En el viejo edificio de oficinas de la esquina, un niño mira fijamente el escaparate de la librería del barrio.
Una lágrima solitaria resbala por su mejilla y rápidamente levanta su mano para secarla mirando con vergüenza a un lado y a otro para asegurarse que nadie lo haya visto.
Vuelve de nuevo a fijar la vista en la papelería de su familia que había pertenecido a su abuelo hasta su enfermedad, y que ahora llevaba su madre, y las imágenes de aquella noche invaden su mente.
—Cariño tengo que decirte una cosa. Esta tarde el abuelo....—dijo su madre con los ojos hinchados y enrojecidos.
Un frio invadió el cuerpo del niño al entender lo que su madre no podía acabar de decir.
—Por tu culpa no he podido despedirme de él. ¿Por qué mama?—le recriminó gritando fuera de sí.
—Ya sabes que los hospitales no son para niños y... —la impotencia y el dolor que sintió en aquellos instantes comienza de nuevo a sobrepasarlo tras el recuerdo y con rabia golpea el cristal.

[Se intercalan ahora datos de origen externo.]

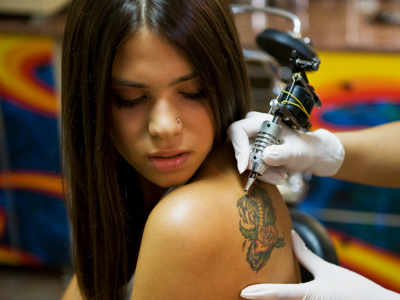2,931 Tattoo Machine Stock Photos, High-Res Pictures, and Images - Getty  Images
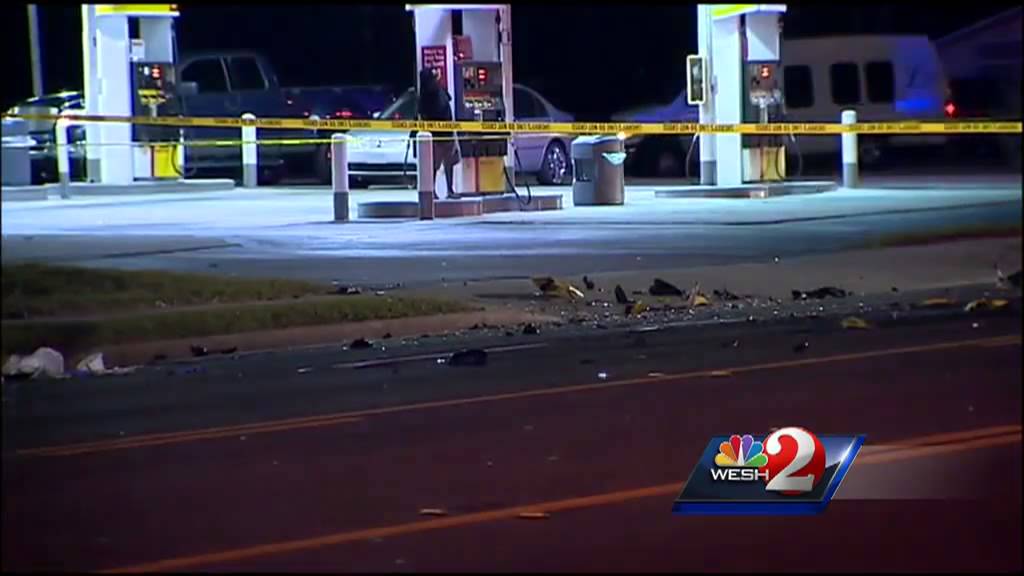 Motorcycle crash leaves 1 dead, 1 in critical condition - YouTube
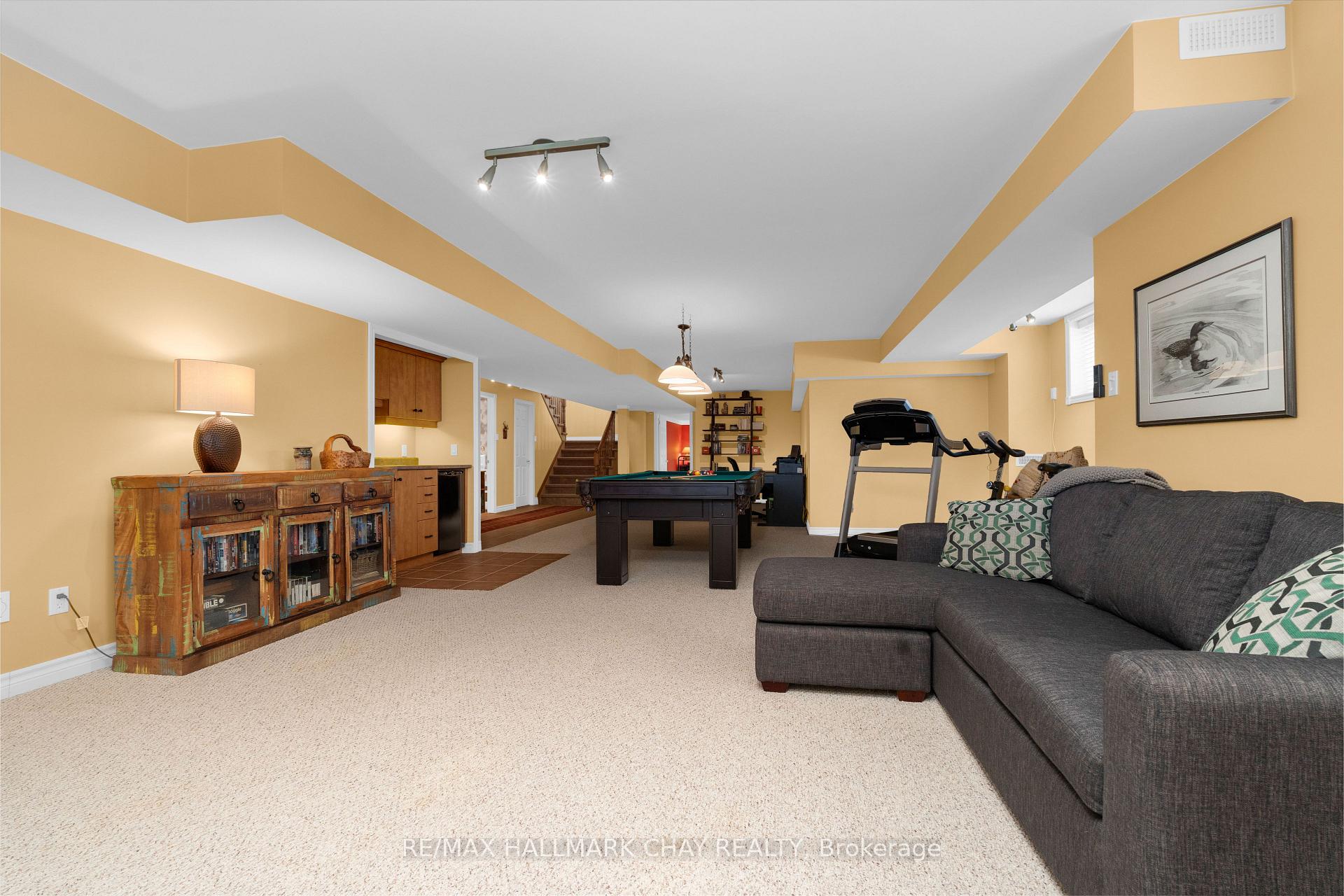 Photo 23 of 16 Chestnut Lane, Oro-Medonte, Horseshoe Valley — HOMEH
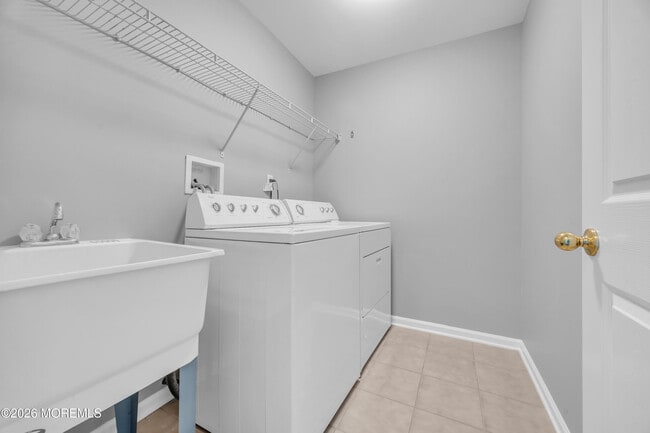 Building Photo - 10 Deepwater Cir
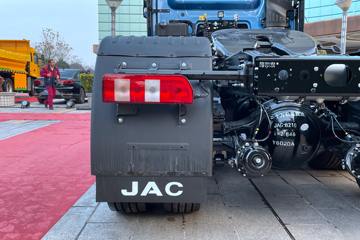 ���� ��ԽQ7�ؿ� 560���� 6X4 AMT�Զ���ǣ����(�ɰ���)ͼƬ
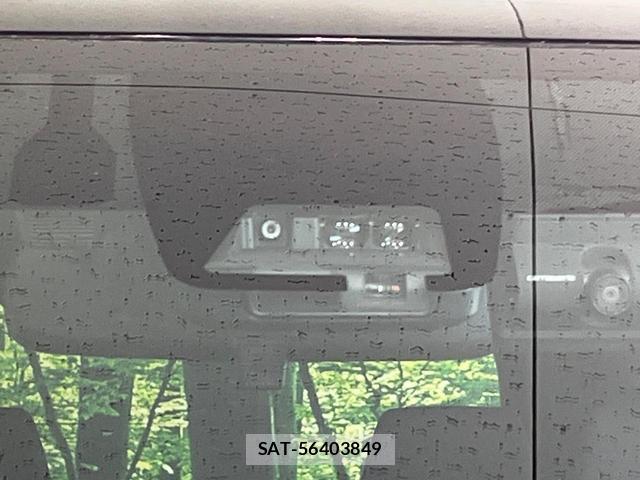 Toyota VOXY 2019-11 8550818-3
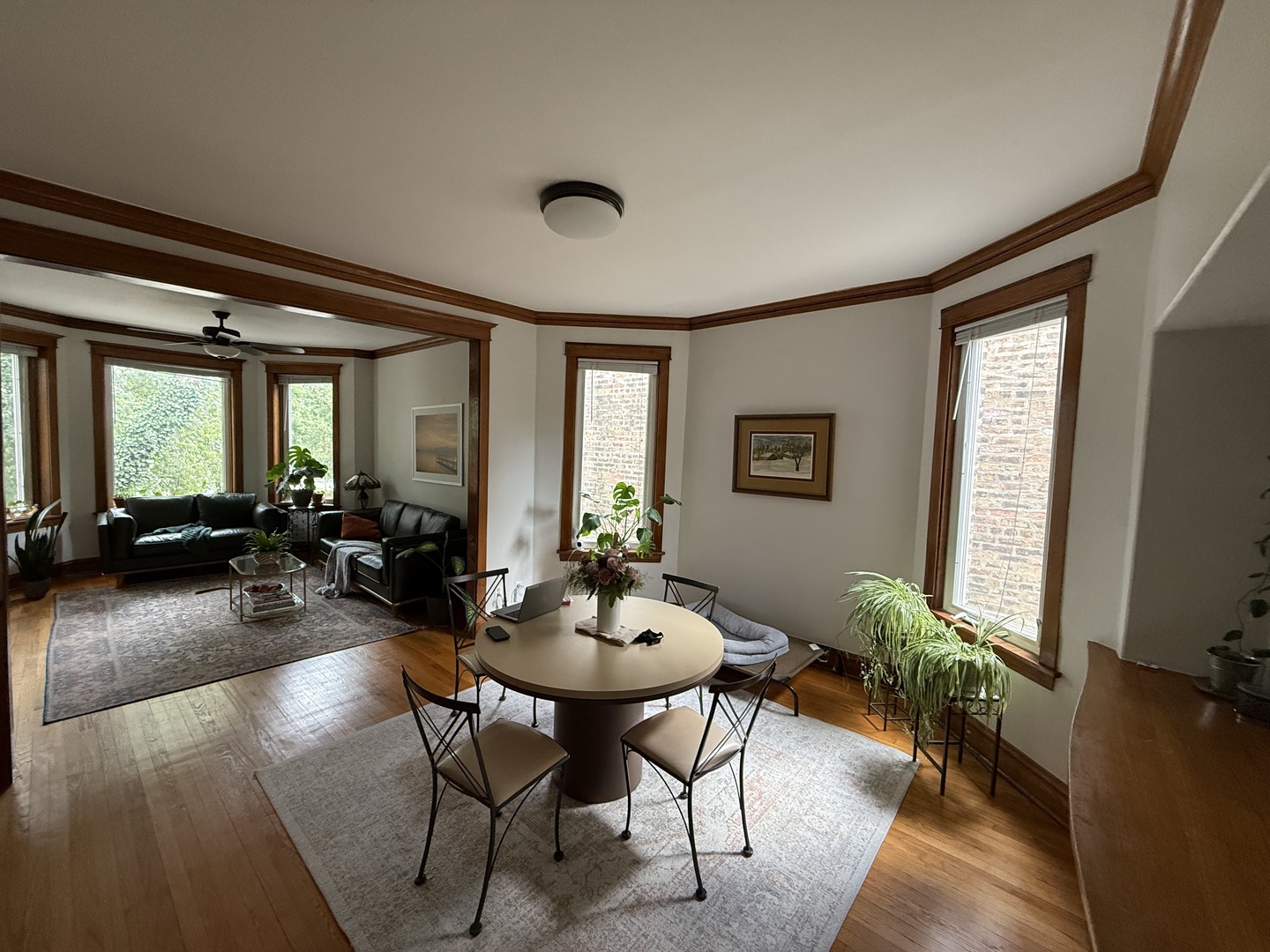 3734 N LEAVITT Street, Chicago, IL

Un fuerte golpe de viento estampa varios papeles contra el escaparate: una hoja de un periódico deportivo, la que hace una bola y tira de malas maneras hacia atrás, y un trozo de papel a la altura de sus ojos con algo escrito.
Las palabras inundan su corazón como si la voz de su abuelo las estuviera recitando en su interior.
Besos, abrazos, confidencias, historias varias se pasean por su cabeza como fotogramas a cámara lenta de su película junto a él.
El peso que lleva en su pecho se libera lentamente al tener el absoluto convencimiento que su abuelo, Alfredo, se fue sabiendo lo mucho que lo amaba.
Sintiendo se mucho mejor Javi gira sobre sus pies encaminándose aún pensativo hacia su casa. Debe hablar con su madre y decirle que ya no está enfadado con ella y que la quiere muchísimo. A pesar de no ver justo lo que hizo, no quiere estar ni un segundo más sintiendo esa ira hacia ella. Y ahora más que siente que su abuelo estará con él para siempre.